– Spodziewałem się, że wyjdzie tyle osób. Być może nieumiejętnie prowadzimy komunikację w tym zakresie, ponieważ nie potrafimy przypomnieć, że to nie jest nasz projekt, tylko jest to projekt obywatelski – powiedział Patryk Jaki. Wiceminister sprawiedliwości był gościem Konrada Piaseckiego w Radiu ZET.
Polityk odniósł się do wczorajszego tzw. czarnego protestu, będącego częścią Ogólnopolskiego Strajku Kobiet. Jaki zaznacza, że projekt, z którym nie zgadzają się manifestujący nie jest autorstwa partii rządzącej a obywajakiteli kraju. Deklaracja nawiązuje do incydentów, do których doszło m.in. w Poznaniu, gdzie pod siedzibą PiS-u doszło do starć z funkcjonariuszami policji (o sprawie pisaliśmy tutaj: Zadyma przed siedzibą PiS).
– Nikt w Prawie i Sprawiedliwości nie jest za tym żeby karać kobiety, które chciałyby dokonać aborcji, na przykład w wyniku gwałtu. Problem polega na tym, że te czarne protesty abstrahują od danych, którymi dysponujemy dzisiaj w Polsce, a którymi kilka lat temu nie dysponowaliśmy. 99 proc. aborcji w Polsce to są dzieci z zespołem Downa – komentował Jaki.

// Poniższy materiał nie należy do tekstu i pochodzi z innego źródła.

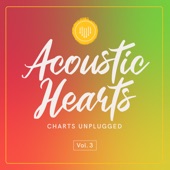 Charts Unplugged, Vol. 3 artwork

– Muszę rozumieć, że moim zadaniem jest zagwarantowanie ochrony życia tak daleko, jak to jest możliwe, biorąc pod uwagę różne tendencje europejskie, gdzie aborcja jest niemalże na każdym etapie na życzenie. W związku z powyższym rozumiem też teorię wahadła i wiele naszych czołowych polityków też ją rozumie. Dlatego tak naprawdę jedyna dyskusja, jaka - moim zdaniem - toczy się wśród najważniejszych polityków PiS to jest ten element eugeniczny. Uważam, że nie ma żadnego zagrożenia, że nagle będziemy kazali rodzić dzieci z gwałtów, których przypominam według statystyk niemalże, całe szczęście, w Polsce nie ma – powiedział jaki odnosząc się do osobistych odczuć na temat ustawy.
Dodał, że jako katolikowi jest za ustawą ale jako polityk, musi patrzeć na nią inaczej i rozumieć społeczeństwo.
Patryk Jaki przyznał, że jedyny sposób na kompromis to możliwość aborcji w przypadku gwałtu, kazirodztwa oraz zagrożenia życia i zdrowia natomiast dyskusja w wypadku dziecka z Zespołem Downa (99 proc. przypadków - red).